La República Dominicana, como gran parte de América Latina, enfrenta una crisis política donde los partidos han dejado de ser mediadores sociales para convertirse en plataformas de impunidad y refugio del dinero ilícito.
En toda la región, desde México
hasta Argentina, los escándalos de financiamiento electoral ilegal, lavado de
activos y complicidades con redes criminales han corroído la confianza en las
instituciones democráticas.
La lógica es la misma: el dinero del
narcotráfico, de la corrupción o de empresas constructoras como Odebrecht no
busca solo enriquecimiento, sino control político. Y lo consigue.
En el caso dominicano, la
penetración del crimen organizado en la política no es una hipótesis, sino una
evidencia documentada. El caso Odebrecht
reveló la compra sistemática de voluntades y la captura de decisiones públicas
a cambio de sobornos millonarios.
A ello se suman las denuncias de lavado de activos, corrupción estructural y
vínculos con el narcotráfico, que han alcanzado a dirigentes de todos
los partidos, erosionando la credibilidad de un sistema donde la ética ha sido
sustituida por la conveniencia.
Los partidos, que en teoría deberían
canalizar la voluntad ciudadana, hoy operan como vehículos de impunidad. Las estructuras de control interno son
débiles o inexistentes, las auditorías partidarias nunca se hacen públicas y
las sanciones políticas son excepcionales. La justicia actúa con lentitud,
selectividad o silencio, consolidando la percepción de que el poder económico y
el crimen tienen más influencia que la ley.
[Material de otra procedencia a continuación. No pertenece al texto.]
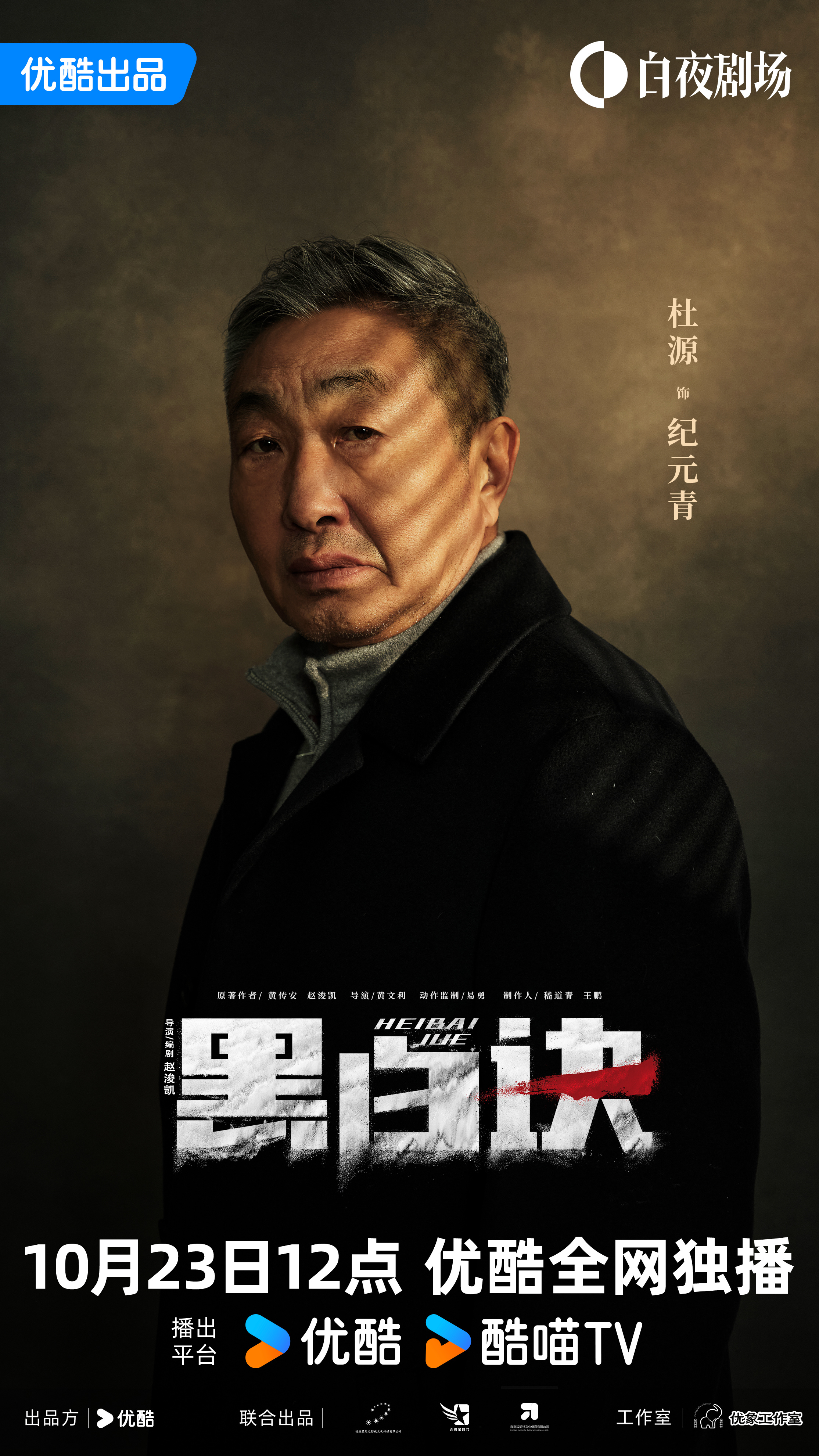 黑白诀的海报-角色海报 中国大陆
Este deterioro no solo corrompe la
política, corroe la democracia desde
adentro. Cuando el voto se compra, cuando los contratos se negocian
antes de los comicios, cuando los candidatos se eligen por el tamaño de su
chequera o su cercanía al narcotráfico, el pueblo deja de ser soberano. Lo que
queda es una democracia formal, secuestrada por intereses ilegítimos y
sostenida por apariencias institucionales.
Hoy, cuando la sociedad dominicana
enfrenta una crisis de confianza sin precedentes, resulta urgente recordar que
la corrupción y el crimen organizado no solo roban dinero: roban futuro. Mientras los partidos
continúen siendo vehículos de impunidad, la democracia seguirá siendo rehén del
poder económico criminal.
El creciente abstencionismo electoral, que en las últimas elecciones superó el
46 %, no es apatía: es una forma de protesta silenciosa frente a un sistema que
la ciudadanía percibe como cerrado, corrupto y dominado por los mismos
intereses que dice combatir.
La lucha por rescatar la democracia
pasa por desmontar esas redes de complicidad, exigir transparencia real y
construir partidos al servicio del país, no de sus financistas. De lo
contrario, seguiremos votando cada cuatro años para legitimar un modelo de
poder donde el crimen y la política se confunden, y donde el Estado termina
siendo cómplice de su propio secuestro.